There is a passage from the biblical book of Nehemiah that has yet another consideration to offer:
Now all the people gathered together as one man in the open square that was in front of the Water Gate; and they told Ezra the scribe to bring the Book of the Law of Moses, which the Lord had commanded Israel….
So [Ezra and the Levites] read distinctly from the book, in the Law of God; and they gave the sense, and helped them to understand the reading.
And Nehemiah, who was the governor, Ezra the priest and scribe, and the Levites who taught the people said to all the people, “This day is holy to the Lord your God; do not mourn nor weep.” For all the people wept, when they heard the words of the Law.
Then he said to them, “Go your way, eat the fat, drink the sweet, and send portions to those for whom nothing is prepared; for this day is holy to our Lord.
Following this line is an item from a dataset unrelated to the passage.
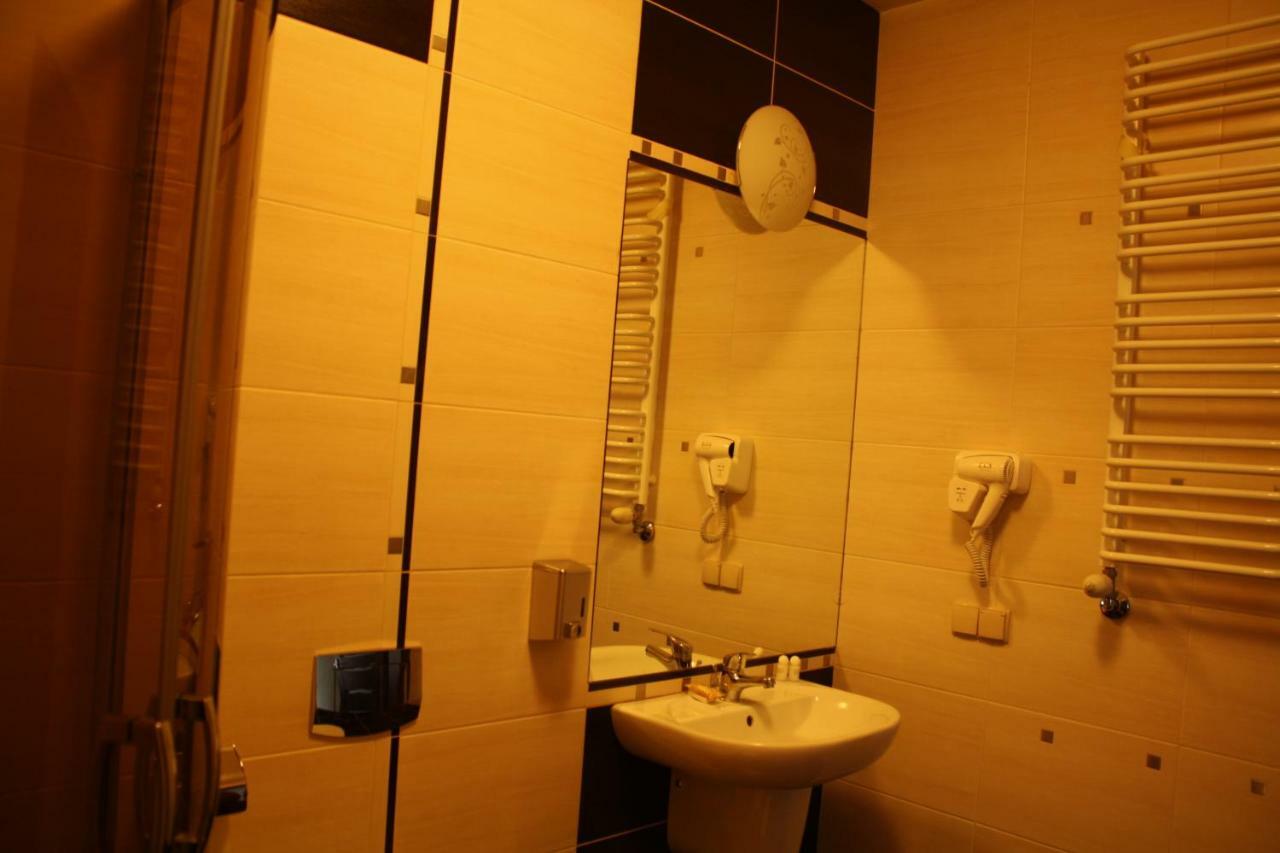 Hotel Pinocy Ledziny Екстериор снимка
Do not sorrow, for the joy of the Lord is your strength.” (Nehemiah 8:1, 8-10)
This story takes place after the Israelites from the kingdom of Judah had just returned from living in exile in the ancient Persian empire for seventy years. According to 2 Kings, they were ultimately exiled from the promised land due to their disobedience to the Law of Moses. Thus, when Ezra reads the Law to the generation that has returned, they weep to hear read out loud all the commandments their fathers had broken, causing them to be exiled.
But this was not a day for weeping. They had done their penance, we might say. The sin for which their fathers were exiled was not their sin, and they had returned to the land in faith. Israel had passed from contrition and supplication for their sins upon hearing the Law of Moses to the exhortation of Ezra: “Do not sorrow, for the joy of the Lord is your strength.”
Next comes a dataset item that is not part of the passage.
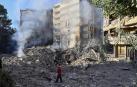 Un hombre camina entre las ruinas de una zona de edificios bombardeada al sur de Beirut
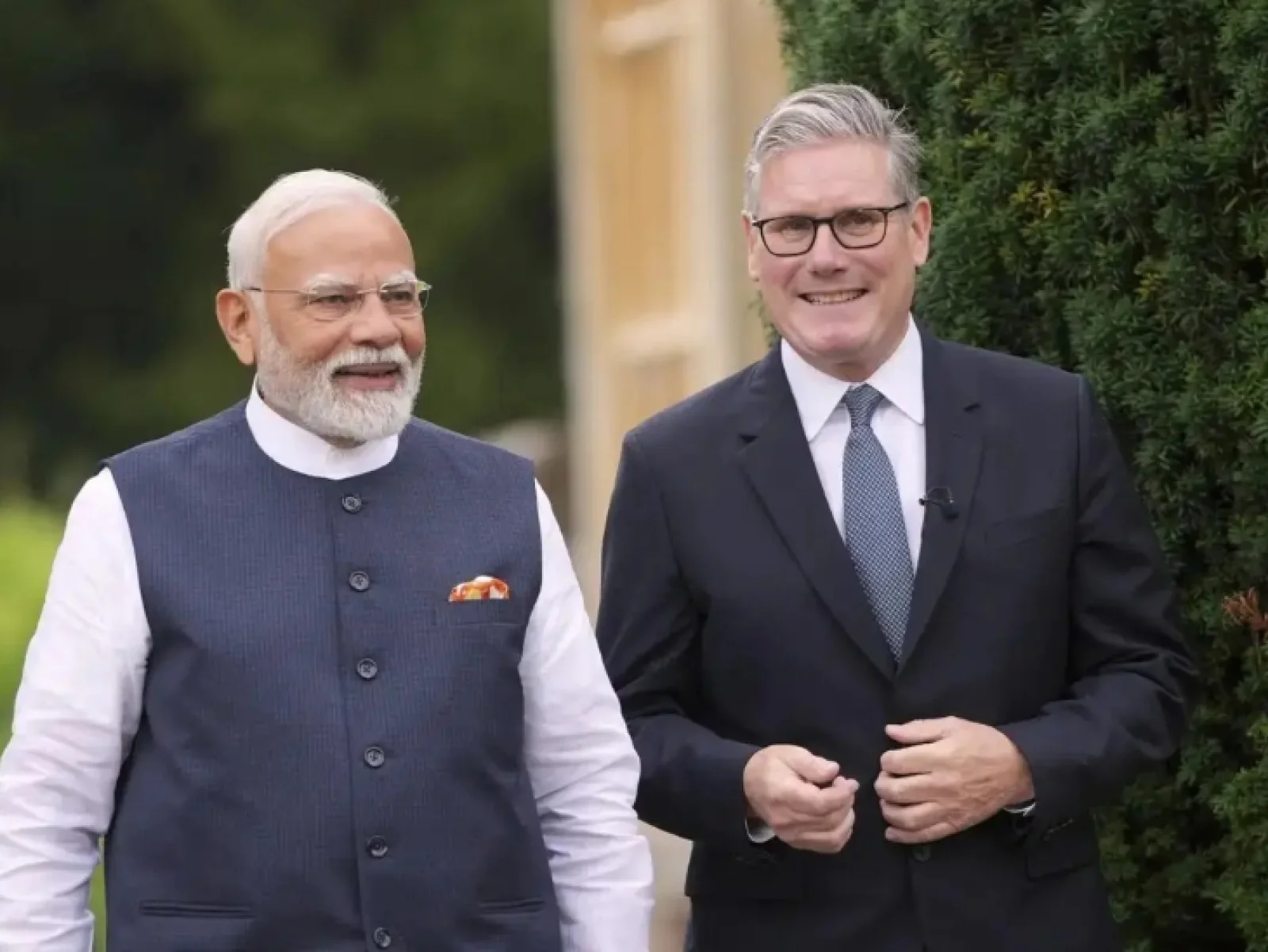 PM Modi and UK PM Keir Starmer Showcase Warm Ties at Global FinTech Fest 2025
They had returned, and unlike their fathers, they actually cared about God’s way of life. This was a special day, a holy day. This was a reason to celebrate: “eat the fat, drink the sweet”—have a party! For seventy years they had lived as second class citizens at best and slaves at worst, sometime even fearing for their lives. They had been removed from Jerusalem, from the temple of God, the center of their religion. Now they were back. Sacrifices could be offered properly again. It was as if the entire nation had contracted leprosy, declared “unclean,” and been cast out of the community, only to be miraculously healed and made clean, even holy, by the grace of God. Who could resist such joy? And who could not be strengthened by it?
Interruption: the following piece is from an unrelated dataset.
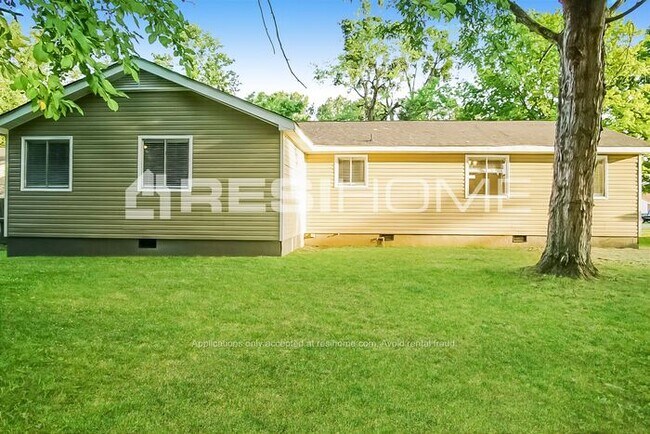 Building Photo - 2212 Cecille Dr SW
In the Christian Church, the centerpiece of worship is also a sacrifice, a sacrifice of praise, to be sure, but a sacrifice nonetheless. Furthermore, this sacrifice has a special name: Eucharist—literally: thanksgiving. Jesus Christ submitted to the terror of the cross and rose victorious even over death itself, so that those who have been exiled from the presence of God might be redeemed, and like only the priest could in ancient Israel, even partake of the sacrifice: he offers, as the priest says in the Orthodox divine liturgy, “holy things for holy people.” Having been cleansed and, indeed, made holy through baptism and chrismation, Christians are invited not only to put aside all sin and sorrow but to enter into a renewed reality of joy, “an indescribable transport of spirit.”
In this we too must celebrate; every Sunday is technically a little feast day, a day of rest and celebration. As we partake, here and now, of a foretaste of the kingdom to come—deification, the communion of God with humanity and all creation—our heart “is moved in its happiness to pour forth a wordless thanksgiving,” a true and mysterious Eucharist, at home at last in the presence of God.